Melanoma sufferers contribute to vital research project

Griffith University researchers and Gold Coast Melanoma Clinic physicians have taken their first sample from a melanoma sufferer, which will be used to discover new therapies needed to stop the deadly disease from spreading.

Griffith’sInstitute for Glycomics Director, Professor Mark von Itzstein, said in the next few years the organisation hoped to build a cell bank with up to 100 samples from patients on the Gold Coast diagnosed with different stages of melanoma.

“We have spent the past two years preparing for the project, so getting the first sample from the Gold Coast Melanoma Clinic is a significant step for us,” he said.

Gold Coast Melanoma Clinic Director Dr Nic Crampton said it was a great step forward for melanoma research, not only for the Gold Coast but for the whole of Queensland and the northern New South Wales region.

“The Melanoma Clinic is able to provide the vital link between laboratory research and melanoma patients” he said.

Targeting cancer cell growth

Prof von Itzstein explained that researchers intended to investigate the importance of sugars that decorate the surface of the cancerous cells to find new ways to stop melanomas from growing and spreading throughout the body.

“Melanoma cells have specific sugars that cover their surface and the pattern of those sugars change through the various stages of cancer. For example, before a cancer begins to spread throughout the body, or metastasise, there is a certain sugar that presents itself on the cell surface,” he said.

“We intend to target these changes in sugar patterns on cancer cells at the various stages to see if we are able to stop that stage from progressing.”

Prof von Itzstein said the research was particularly relevant to the area where it was being conducted since the Gold Coast and Queensland were melanoma hot spots.

“There is already a melanoma cell bank in NSW. But we strongly believe having local samples as part of a local study, where melanoma rates were at their highest, was important,” he said.

“Any results that we get, will be shared around the world.”

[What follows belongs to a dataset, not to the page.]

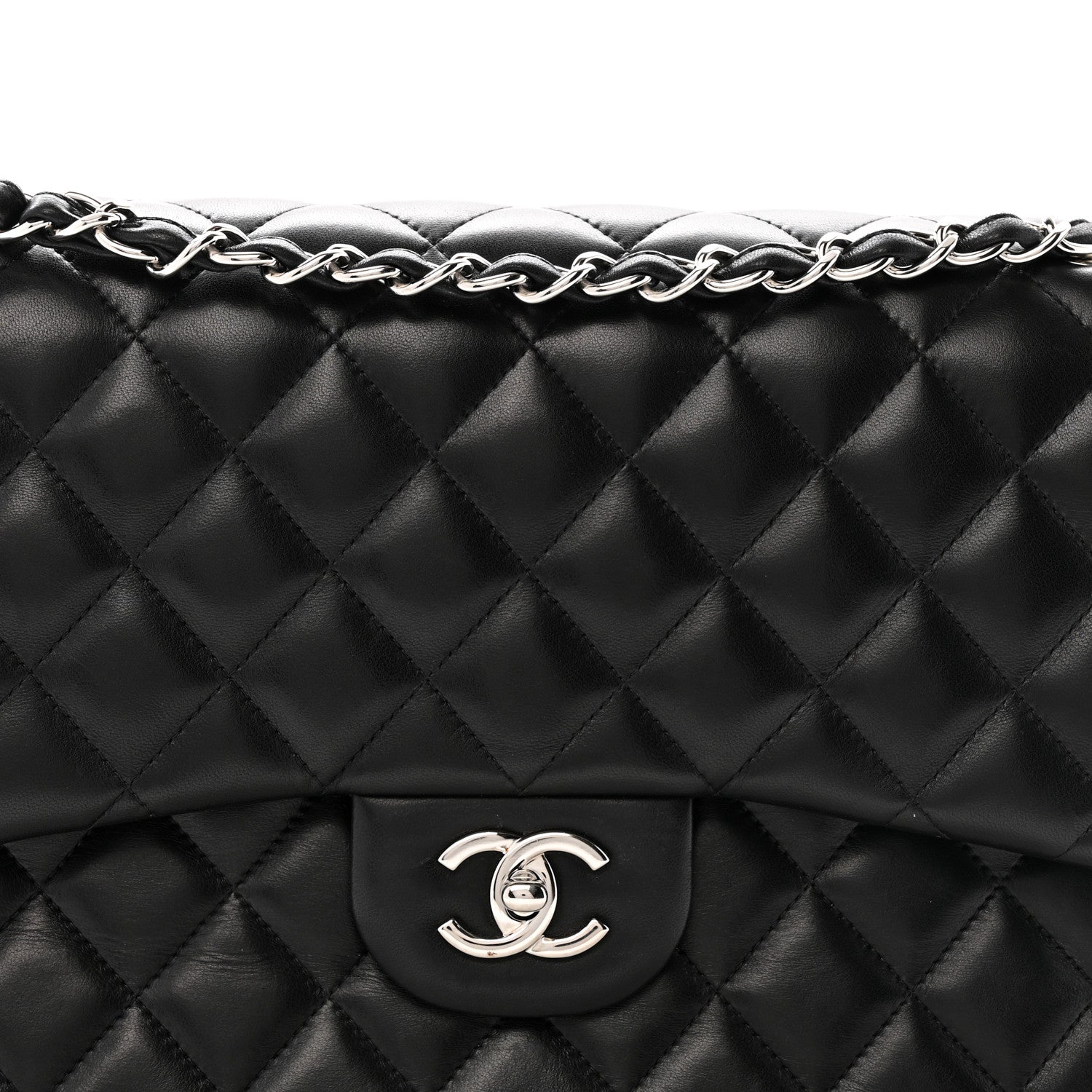 Chanel Lambskin Quilted Jumbo Double Flap Black 8 of 14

More than 13,000 Australians are expected to be diagnosed with melanoma in Australia in 2016. Australia and New Zealand have the highest melanoma rates in the world and in Queensland 71 people out of every 100,000 (for the years 2009-2013) have been diagnosed with melanoma, which is well above other places in Australia and around the world.

Dr Crampton said he was looking forward to working with The Glycomics Institute and Griffith University in the long term to pursue effective and novel treatments for his melanoma patients.